# New Tank Setup Size



## mdaniel1984 (Mar 2, 2020)

Hi everyone and thanks ahead for reading the post

I have an ability to put in a large...What I believe is a large tank for Cichlid's

Looking at a 75gal or a 120gal long (Money wise I'd go for a 75gal, but saving I can go for a 120gal)

Realistically I can afford a 75gal long in my budget and I'm looking to see what people are filling/stocking the tank with fish wise.

I've read a little bit about the species of fish that they need hiding spaces and are aggressive if they don't have this, I've also supported these back in the day so I know a little bit...

But with a better job and bigger area in a new house I can support a much bigger tank and have a group of fish.

So overall my questions are
1) 75gal vs 120gal which would you choose?
2) If it's a 75gal you would stock it with?
3) If it's a 120gal you would stock it with?

Thank you!!


----------



## ken31cay (Oct 9, 2018)

Hello,

75gal: 48L x 18W x 21H
120gal: 48L x 24W x 25H

If the tanks you're looking at are the above dimensions then I would most likely go with the 75gal since they're both the same length. If I wanted a bigger size then I'd get a tank that has an increased length since this is the most important measure when keeping africans. On the other hand, fish like Discus would appreciate the increased height.
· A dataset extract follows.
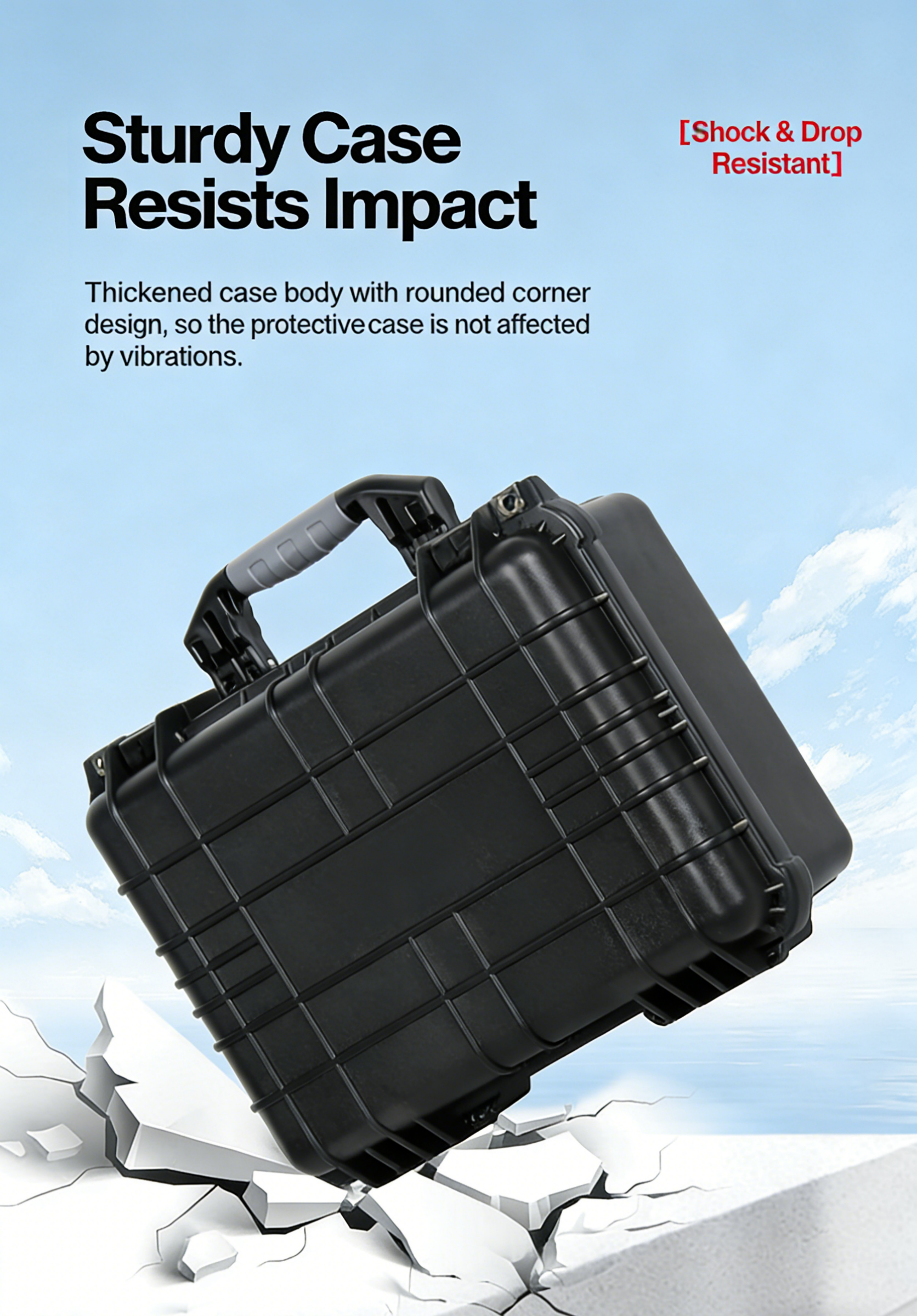 Protective Safety Case Hand-Held Trolley Case Waterproof Toolbox Shockproof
IMO your question about stocking options is open-ended and I think if you are more specific regarding which fish you are considering then you might receive better feedback.


----------



## mdaniel1984 (Mar 2, 2020)

I use to run with African's (Electric Yellows, Maylandia, Labidochromis) "Petsmart African's"

But I want to add more and maybe get an idea on how many of each or a good selection of different ones

Thanks!


----------



## ken31cay (Oct 9, 2018)

I'm not experienced in setting up new mbuna tanks. I understand the cookie cutter setups (link below) are somewhat outdated, but to get started you could have a look at these to get an idea of some options. Then post here what you're leaning towards so members can give feedback and help you learn as you go.

https://www.cichlid-forum.com/articles/cookie_cutter_75g.php


----------